Get the Got

December 1, 2021 0 Comments

I was talking to a prospective client the other night, and he mentioned how their relationship of a few years has become stale. He said you know, like any relationship that has lasted 10 years or so. I had to laugh. Not all relationships are doomed after 10 years. In fact, there are many relationships that last more than 10 years and are thriving. Not only do I see this in my professional life, but 15 years later, my wife and I have never been closer.

I kept talking to this young man about “Get The Got”. I talk about this often. Many couples stop trying when they find the person they are dating. It starts when they stop going out and doing new and exciting things. They spend time together, but they are not together. They are on the phone or on the computer. They talk to each other and not to each other. They start spending more time with friends than with their partner. Sex and / or intimacy is turned off. And finally, they no longer make eye contact. Now what? You lose “The Got”.
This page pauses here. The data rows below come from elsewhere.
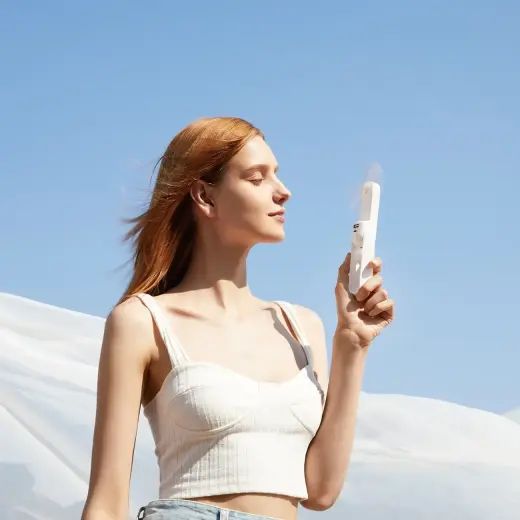 Jisulife Handheld Fan Life8 Portable USB Fan with Power Bank and Flashlight - White Фото num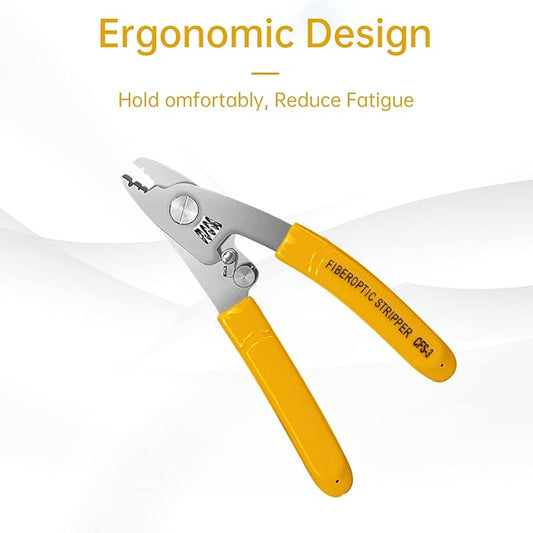 CFS-30 2-Pack Fiber Optic Stripper Kit, 3-Hole Adjustable Stainless Steel Fiber Stripper Tools for FTTH/FTTX, Precisely Strips 0.125/0.25mm Fiber & 2-3mm Jacket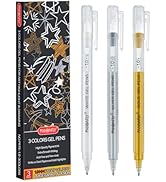 PANDAFLY Gold Silver White Gel Pens, 1mm Fine Point Opaque Archival Ink Pen for Journaling, Art, ...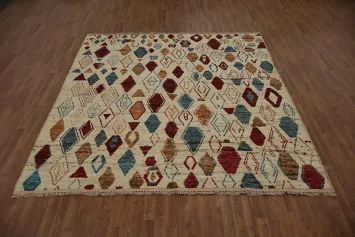 Geometric Moroccan Square Area Rug 9x9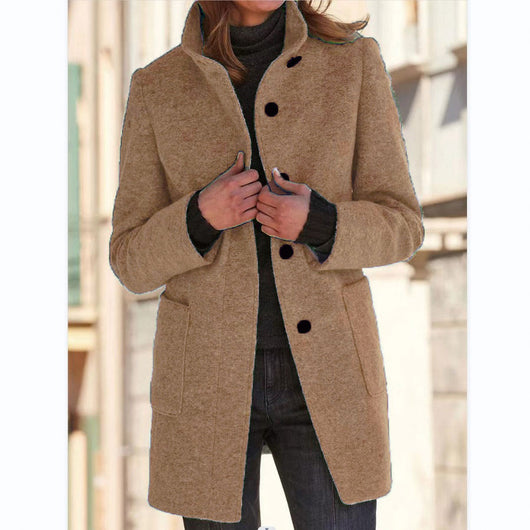 Abrigo de Lana con Cuello de Pie y Bolsillos - Casual para Otoño Invierno - Image 21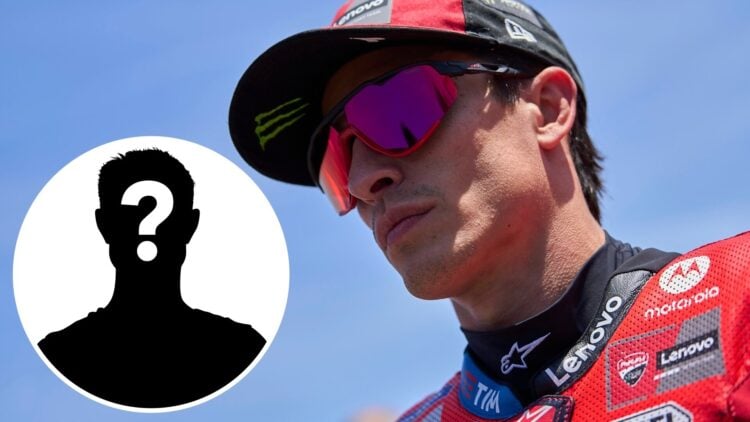 Ducati rider Marc Marquez at the 2025 Aragon Grand Prix, inset Mystery rider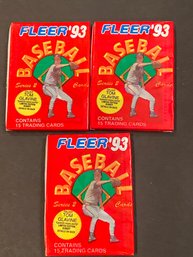 1993 Fleer Wax Pack Lot Of 3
I’m not sure if I was surprised that her perception of a long-term relationship was just cohabitation. But the trend I’m noticing is that younger couples lack interpersonal skills to keep them engaged. This does not suggest that older couples do not separate, because they do. But true intimacy seems to be a skill those under 30 are struggling with. And I’m not just talking about establishing a relationship. I’m talking about this whole generation of Netflix and chill.

It’s absolutely bad to go out and experience a lot of people and have fun. {Just be careful.} In fact, I think it’s really healthy. I am referring specifically to those who have had such experiences and constantly complain that love does not last. However, when you ask them what they do to keep the relationship fresh, they say something like, “I’m the same person I was when we started dating.” That’s great, but if you are the same person you were 5 years ago, what new skills are you bringing to the relationship?

Relationships don’t have to be complicated. Keep investing in your “got.” But go one step further and invest in yourself too. Many couples distance themselves because one is investing in herself and the other is not. What I find really interesting is that couples don’t even have to have the same interest while growing up. They just need to grow. Just by becoming a full human being, he often excites his “got.” Learning new things and having different experiences often brings couples together.

Think about it. When you are dating for the first time, you want to know everything about the other person. In fact, you enjoy listening to their stories. What happens when you run out of stories and none of you are bringing something new to the table? Intimacy is lost. To maintain your “got” you are going to have to grow. Either together or on your own. We long for connection. But are we working to preserve it? We want privacy. But are we willing to work? We want a lasting relationship. But are we willing to treat our “got” as we still need to get?

I do not have all the answers. But I do know that if we want to keep our “got”, we have to work to achieve it. And we should. Part of the process is self-exploration. Because if we don’t call ourselves by our own BS, we will be leaving that task to our “got”. And just like when we started dating, we showed up with our “A” game. Just because we have our “got” doesn’t mean they deserve less now.